▶ **Task prompt**: Beginning with the line that has "Abstract Colorful Flowing" and ending with the line that has "Silikonový vroubkovaný řemínek", retype the entries below exactly, except for the pictures.

▶ **Data supplied**:

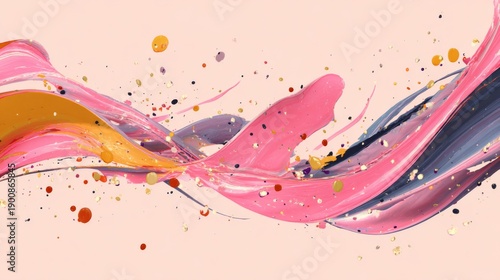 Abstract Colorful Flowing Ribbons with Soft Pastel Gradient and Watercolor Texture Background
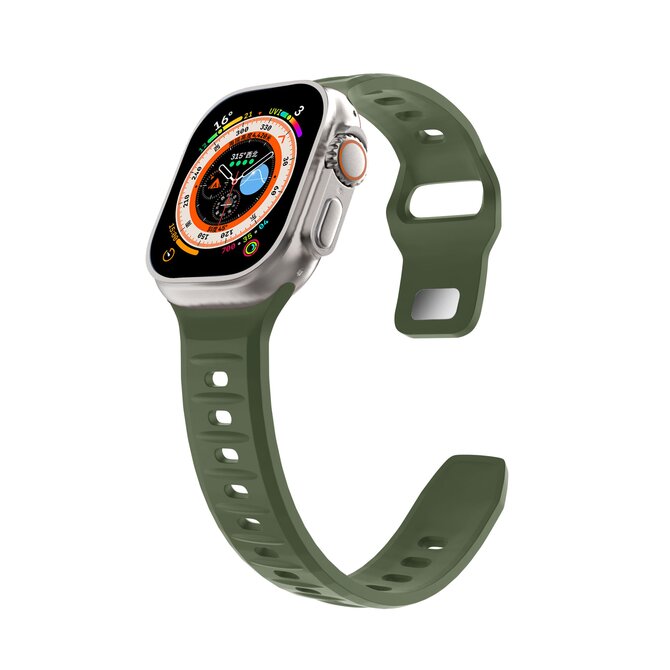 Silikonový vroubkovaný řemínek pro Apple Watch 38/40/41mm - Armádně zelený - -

==

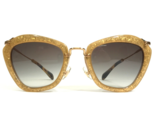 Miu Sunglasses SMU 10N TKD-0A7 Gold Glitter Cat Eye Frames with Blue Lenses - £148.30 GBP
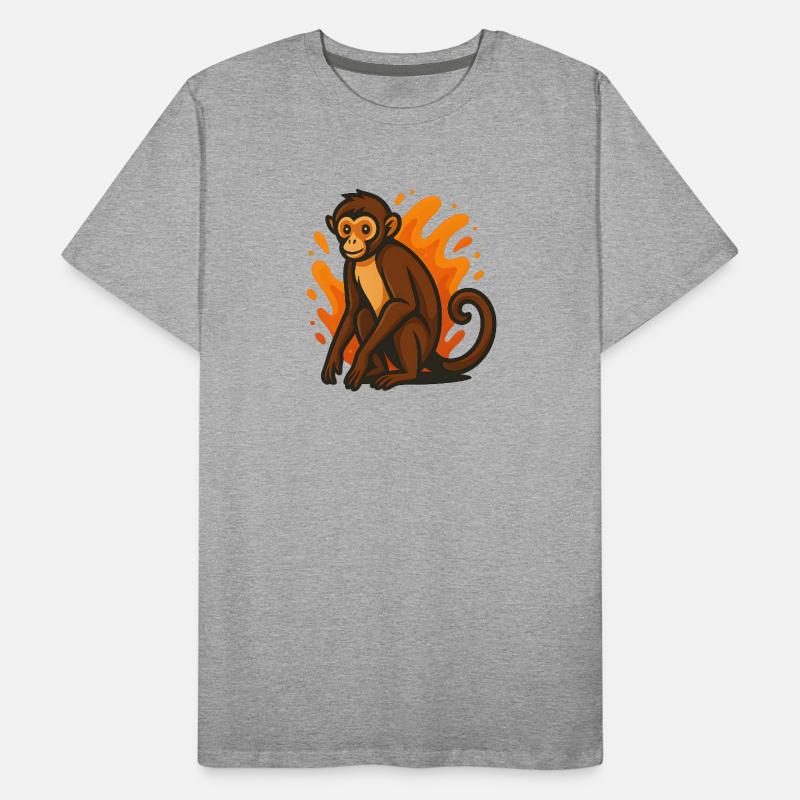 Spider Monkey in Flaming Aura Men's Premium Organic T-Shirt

--

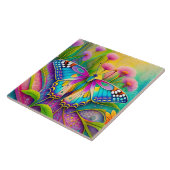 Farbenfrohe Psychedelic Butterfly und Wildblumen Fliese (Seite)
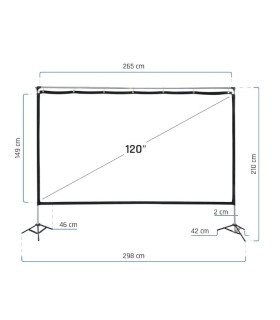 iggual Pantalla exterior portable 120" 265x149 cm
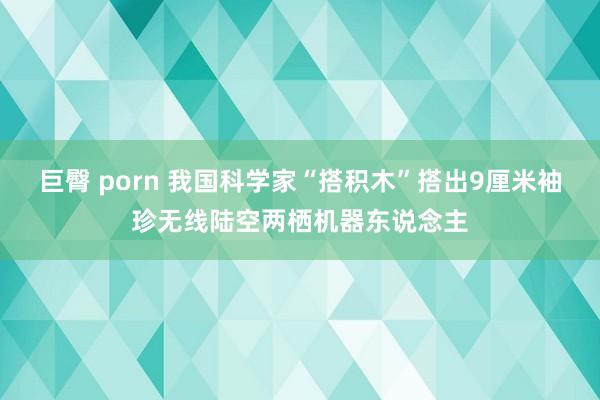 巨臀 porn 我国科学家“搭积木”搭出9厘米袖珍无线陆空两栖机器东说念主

▶ **Exercise solution**:
 Abstract Colorful Flowing Ribbons with Soft Pastel Gradient and Watercolor Texture Background
 Silikonový vroubkovaný řemínek pro Apple Watch 38/40/41mm - Armádně zelený - -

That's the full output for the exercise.